_Task requirements:_ From the entries below, return exactly the lines beginning at the one that contains "If you face" and ending at the one that contains "And I just say", both of them included, and only those lines.

_Extracted information:_

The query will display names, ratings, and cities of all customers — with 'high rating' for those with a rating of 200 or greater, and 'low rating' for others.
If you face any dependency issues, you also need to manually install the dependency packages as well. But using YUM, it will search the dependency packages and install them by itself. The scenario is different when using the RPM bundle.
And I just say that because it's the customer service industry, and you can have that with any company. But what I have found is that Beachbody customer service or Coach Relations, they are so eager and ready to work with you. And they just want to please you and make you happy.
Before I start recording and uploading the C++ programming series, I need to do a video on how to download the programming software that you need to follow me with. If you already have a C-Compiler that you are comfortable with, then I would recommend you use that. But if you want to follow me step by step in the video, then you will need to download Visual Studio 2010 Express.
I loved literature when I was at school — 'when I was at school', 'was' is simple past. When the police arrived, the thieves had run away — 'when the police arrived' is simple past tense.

...

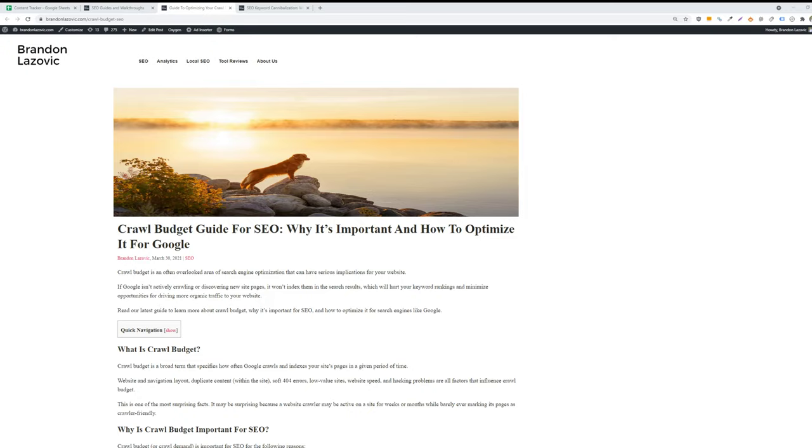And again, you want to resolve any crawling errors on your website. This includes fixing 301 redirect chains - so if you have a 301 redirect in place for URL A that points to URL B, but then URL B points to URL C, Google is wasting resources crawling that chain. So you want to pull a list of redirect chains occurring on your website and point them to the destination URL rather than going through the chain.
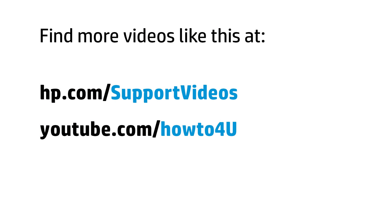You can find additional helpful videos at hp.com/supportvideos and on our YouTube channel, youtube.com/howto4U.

==

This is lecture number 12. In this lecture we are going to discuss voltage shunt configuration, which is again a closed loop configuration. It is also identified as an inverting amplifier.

_Response below:_
If you face any dependency issues, you also need to manually install the dependency packages as well. But using YUM, it will search the dependency packages and install them by itself. The scenario is different when using the RPM bundle.
And I just say that because it's the customer service industry, and you can have that with any company. But what I have found is that Beachbody customer service or Coach Relations, they are so eager and ready to work with you. And they just want to please you and make you happy.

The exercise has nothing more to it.